Named Entity Recognition with Gilda¶
Named entity recognition (NER) is the process of identifying spans of text that correspond to concepts. Often, named entity recognition is paired with named entity normalization (NEN) to identify ontology terms for the spans of text. In this tutorial, we show how to use Gilda to do named entity recognition.
Interactive NER¶
In order to introduce grounding, we refer to the web-based deployment of Gilda at http://grounding.indra.bio/ner. First, type the sentence or paragraph you want to ground into the "Text" field. In the following example, we use the sentence Calcium is released from the ER.
The results show two entities were identified - calcium and ER. Gilda implements a simple dictionary-based named entity algorithm that is incredibly fast, has the benefit that it does named entity normalization, and also can do disambiguation based on the whole given text.
Programmatic NER¶
Gilda can be installed with pip install gilda
and exposes a high-level interface similar to the web interface.
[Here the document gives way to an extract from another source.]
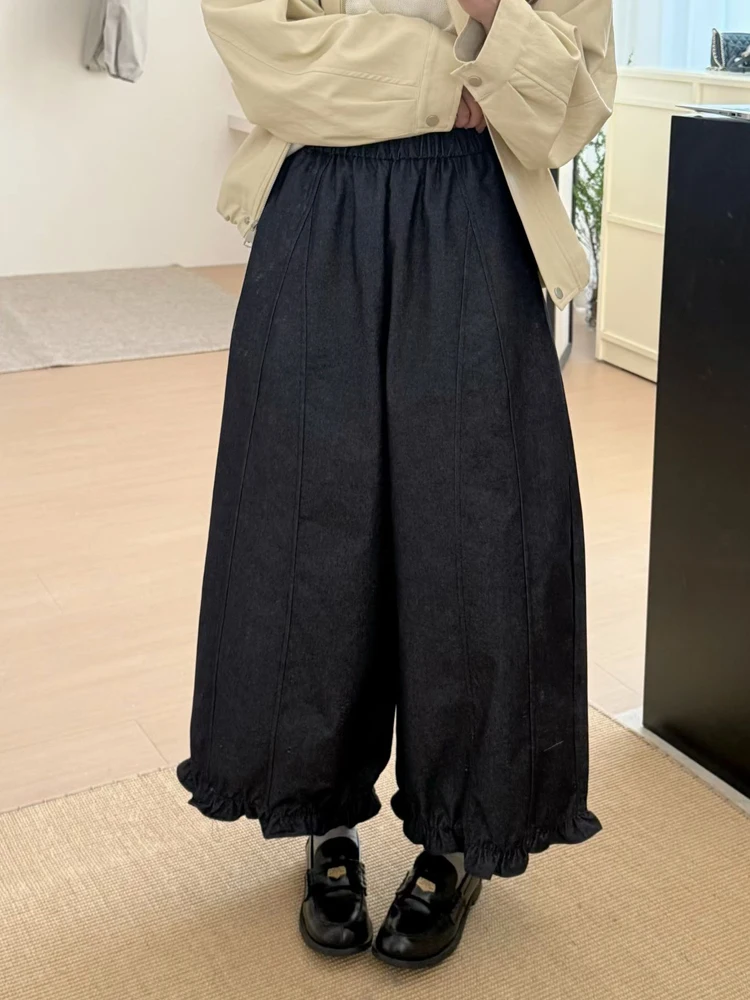 

Женские брюки с кружевной отделкой и высокой талией, широкие штанины, весна 2026, свободные, на резинке, повседневные, хлопковые, в стиле Lazy Fashion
Calcium is released from the ER can be annotated in the same way as before:
from gilda.ner import annotate
text = "Calcium is released from the ER"
results = annotate(text)
rows = [
(
start,
end,
text,
scored_match.term.db + ":" + scored_match.term.id,
scored_match.term.entry_name
)
for text, scored_match, start, end in results
]
start | end | text | curie | name |
---|---|---|---|---|
0 | 7 | Calcium | CHEBI:29108 | calcium(2+) |
29 | 31 | ER | GO:0005783 | endoplasmic reticulum |
Custom Index¶
A custom index "grounder" object, which exposes all the previously demonstrated functionality, can be created using PyOBO with:
from gilda.ner import annotate
from pyobo.gilda_utils import get_grounder
grounder = get_grounder(["mesh", "cvx"])
text = "Calcium is released from the ER"
results = annotate(text, grounder=grounder)
A custom index can be created by instantiating gilda.Term
objects and instantiating
a gilda.Grounder
object.